Meandre Workbench is a visual programming environment that allows users to easily connect software components together in a unique data flow environment. This application relies on the Google Web Toolkit (GWT) and is accessed via your Internet browser. You can use this interface to develop diagrams of data operations relevant to your research. Each operation is represented by an icon, and the icons are linked together in a flow representing the movement of data through each operation. Each of these icons represents a component. These software components are reusable components that facilitate collaboration among developers. These components can be written in Java, Python, or Lisp. A set of components can be loaded into your Workbench for creating a flow (application).
Flows are essentially applications composed of components connected together. Flow complexity is limited only by the needs of your project. Pre-built flows can be loaded into the Workbench and modified as needed. A number of flows for use in a variety of data mining problems and domains have been developed and can be added to your Workbench.
Components and flows have tags and additional metadata associated with them that can be used to assist in searching and sorting.

Getting Started

Meandre Workbench (by default) runs on port 1712. Using your browser, go to http://localhost:1712, replacing “localhost” with the proper address of the machine where the Meandre Workbench instance is running. This will display the following login screen:

Workbench Login Screen

Login

This login screen prompts for your user id, password, and the server and port where Meandre server is running. The user will only be allowed to view the components and flows for which they have access.

Upon successful login, a screen similar to the following is presented:

Workbench Main Screen

This is the main Workbench application screen. It is divided into four sections that will be described shortly: the Workspace, the Repository panel, the Details panel, and the Output panel.

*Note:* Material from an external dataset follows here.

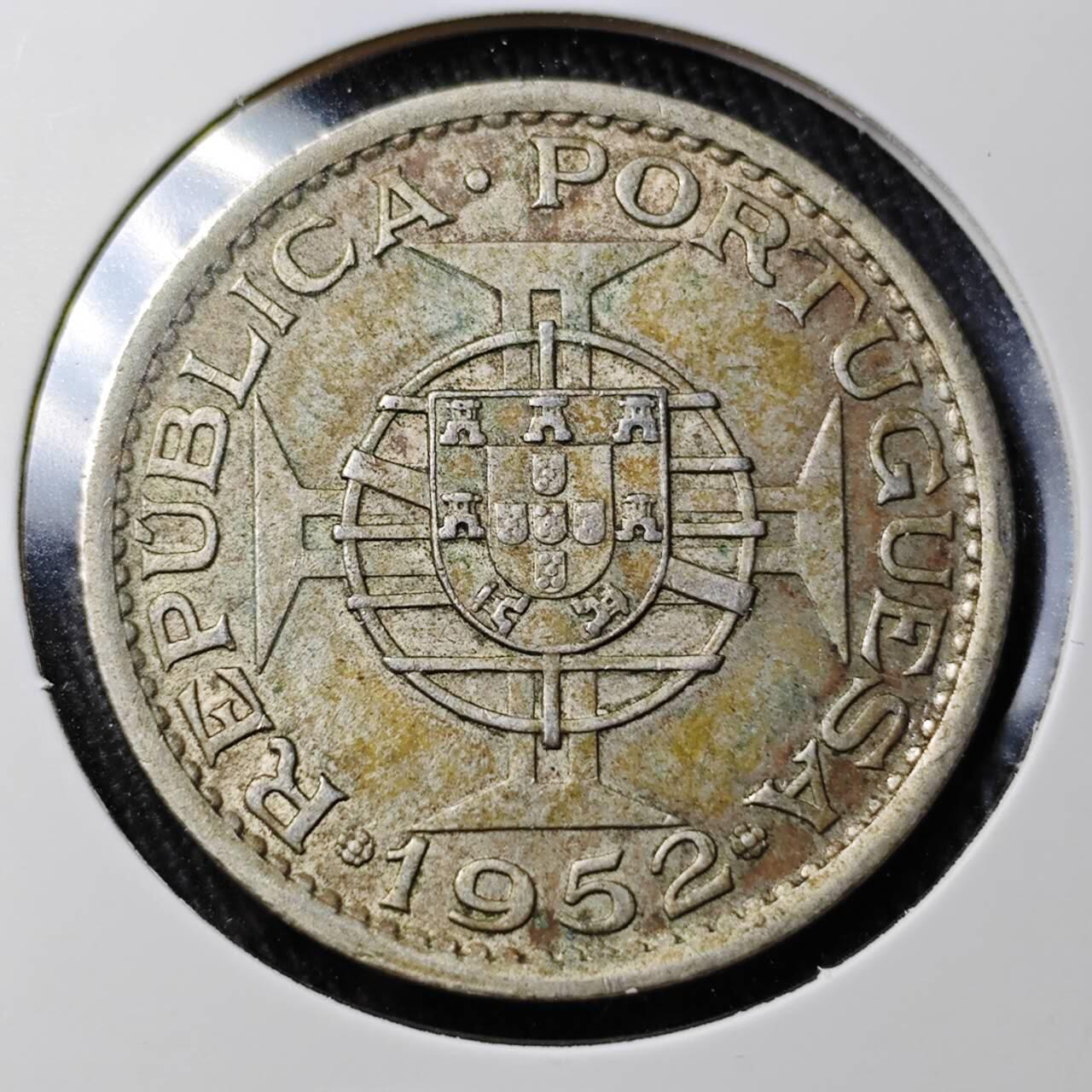 KK钱币收藏小铺 （套币 好品/批量散币 银币）专场  2月预留时间 周末发货  1952澳门5元银币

Each of these sections can be resized as needed by dragging the desired section border in the appropriate direction.

Workbench Top-level Menu

The menu in the upper-right part of the Workbench shows the current user logged in and, upon hovering, shows the meander server to which this Workbench session is connected.

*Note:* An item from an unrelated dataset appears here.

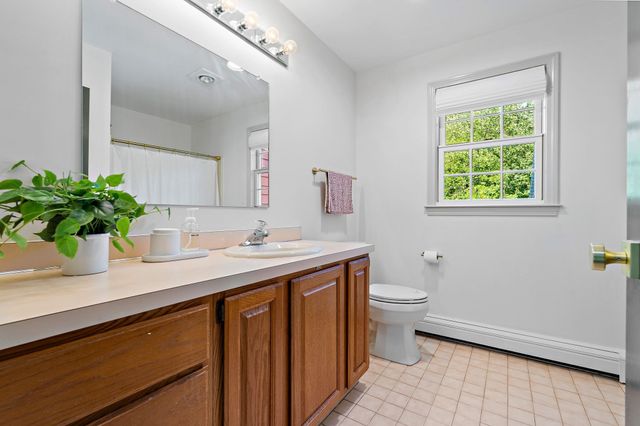 39 Harriman Road, Hudson, MA 01749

Logging out is accomplished by clicking the “logout” link. The application will prompt for confirmation if there are unsaved changes to the flows in the Workbench.

Workbench

The Workbench provides the most flexible and feature-rich user interface for composing flows and controlling knowledge discovery tasks. It supports the creation of data flow graphs where different methods can build and visualize models. The Workbench was designed to effectively use screen real estate, with panels that can be expanded and collapsed on the sides and bottom when needed.

Workspace

The Workspace is the large tabbed region in the center of the Workbench window where applications are constructed. Components can be dragged into this region from the “Components” panel and interconnected to create flows.

Workbench Workspace

In the picture above, three components were added to the Workspace and interconnected to create a very simple flow that takes a string, converts its characters to uppercase and then prints out the result. The Workspace is the highlighted area. If a flow needs more real estate space than what is provided by the Workspace area, scrollbars automatically appear for your convenience.

Toolbar

The Toolbar contains a row of buttons that provide access to frequently used functions. These buttons deal with saving flows, removing components, and controlling flow execution.

Workspace Toolbar

Save Flow

Saves all modifications made to the current open flow, overwriting as necessary.

Save Flow As

Presents a dialog that allows the user to change the details of the current flow before being saved.

Workbench Save As

The Description section can contain rich text and other formatting elements.

Export

The flow can be saved locally either as a ZigZag script file or as a MAU (Meandre Archive Unit) file.

Copy Component

Copies the selected component(s) and connections between these component(s) so that they can be pasted in this flow or into another flow open in this same session.

Paste Component

Pastes the selected component(s) and connections between these component(s) so that they can be pasted in this flow or into another flow open in this same session.

Remove Component

Removes the selected component from the flow. The same functionality can be achieved by right-clicking on the component and selecting “Remove” from the context menu.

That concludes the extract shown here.